» EXERCISE BRIEF:
Word for word, copy the lines from the one with "Reloj Adidas Análogo Unisex AOST22035" to the last line of the data below, counting both, and keep every picture out.

───

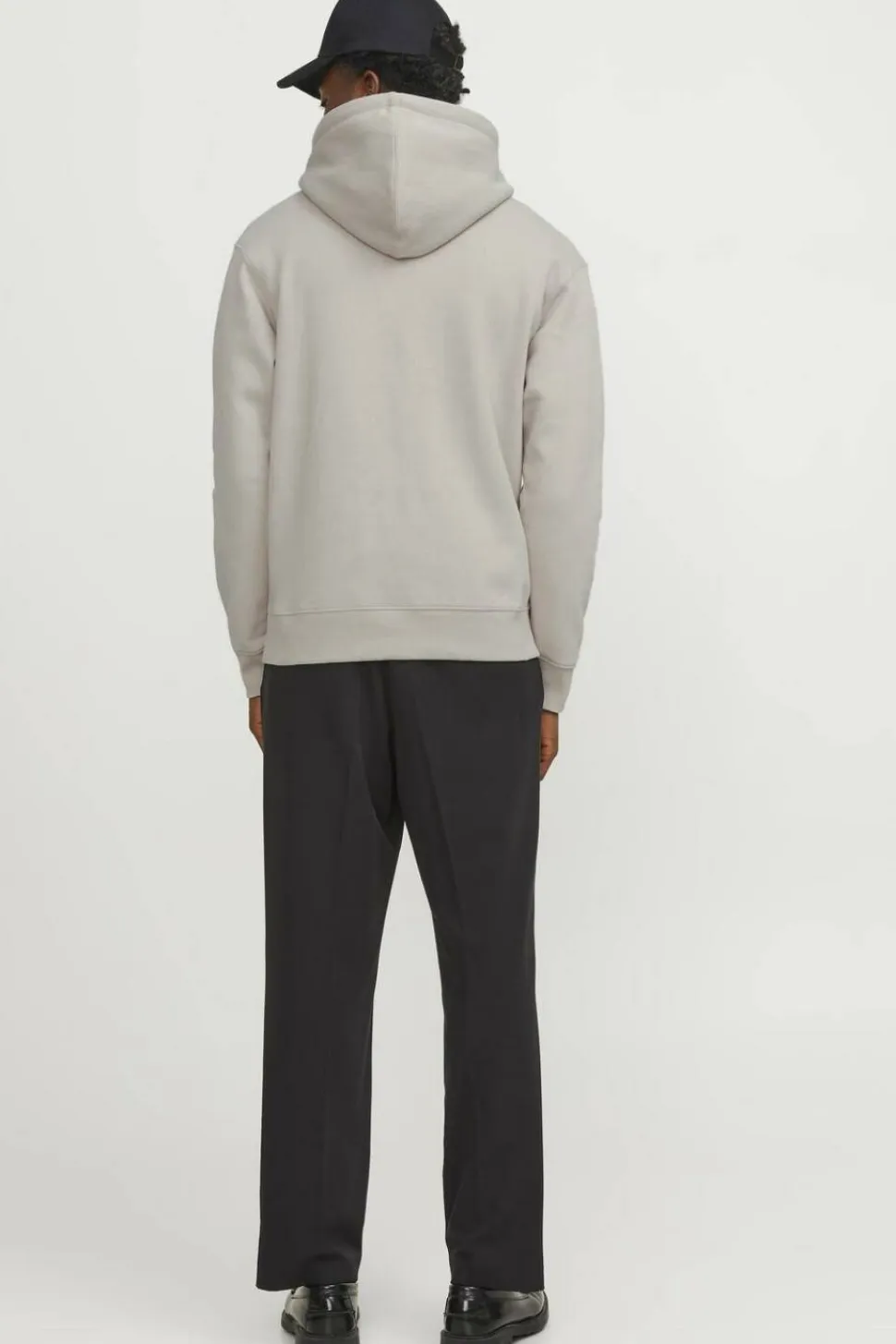 Jack & jones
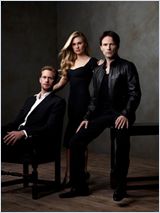 True Blood S05E01 FRENCH HDTV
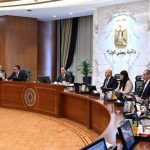 قرارات حاسمة من مجلس الوزراء: تعزيز الشفافية والإسكان وتمكين الشراكات الدولية - 1 - سيناء الإخبارية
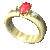ladiesring_ruby_rotat_a_mc.gif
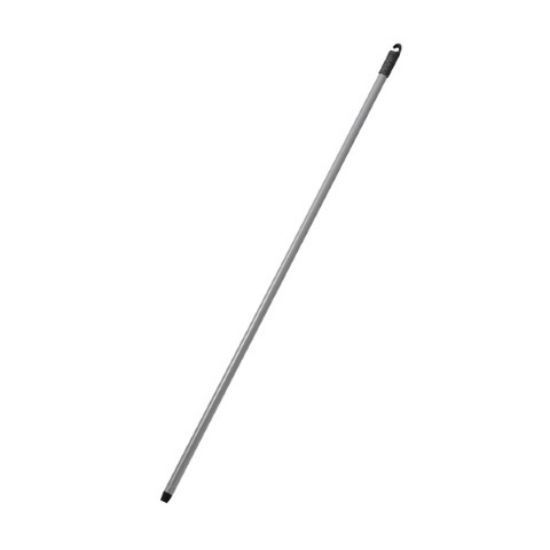Addis Broom Handle 48" Metallic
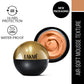 Lakmē Xtraordin-airy Mattereal Mousse Foundation, 25g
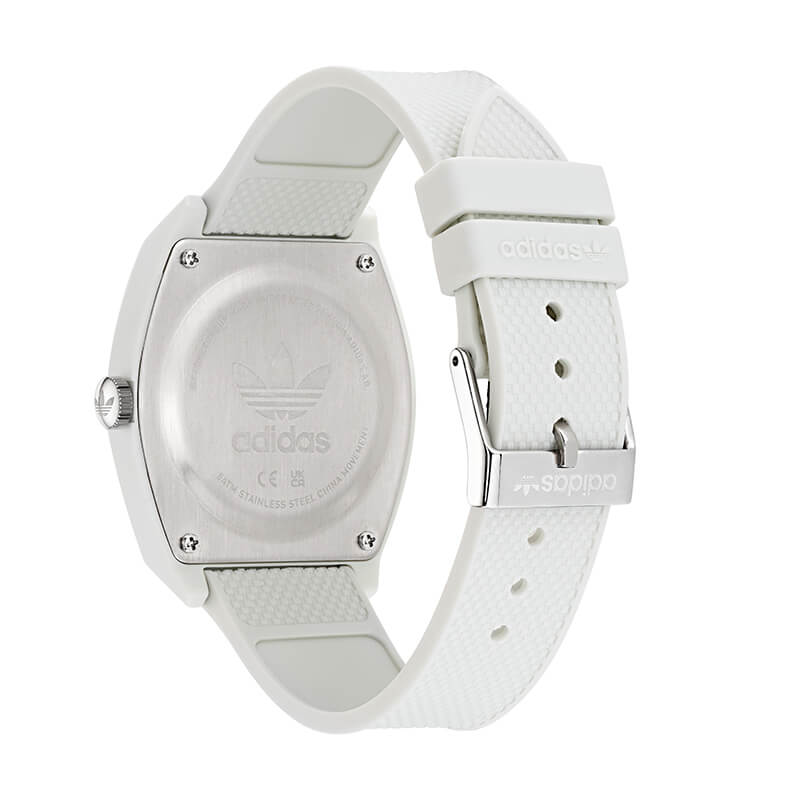 Reloj Adidas Análogo Unisex AOST22035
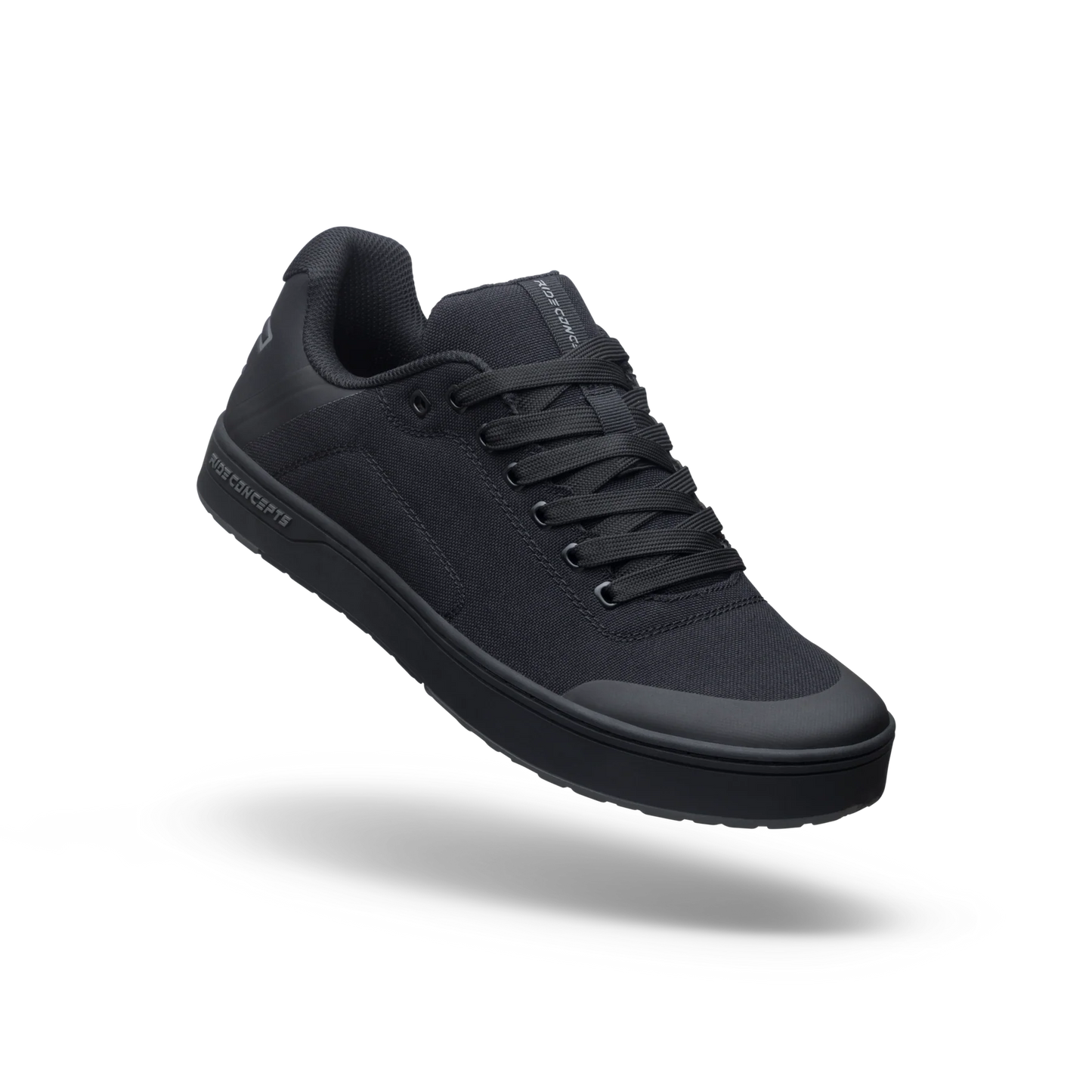 Men´s Livewire Flat - Black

───

» SOLUTION TO THE EXERCISE:
 Reloj Adidas Análogo Unisex AOST22035
 Men´s Livewire Flat - Black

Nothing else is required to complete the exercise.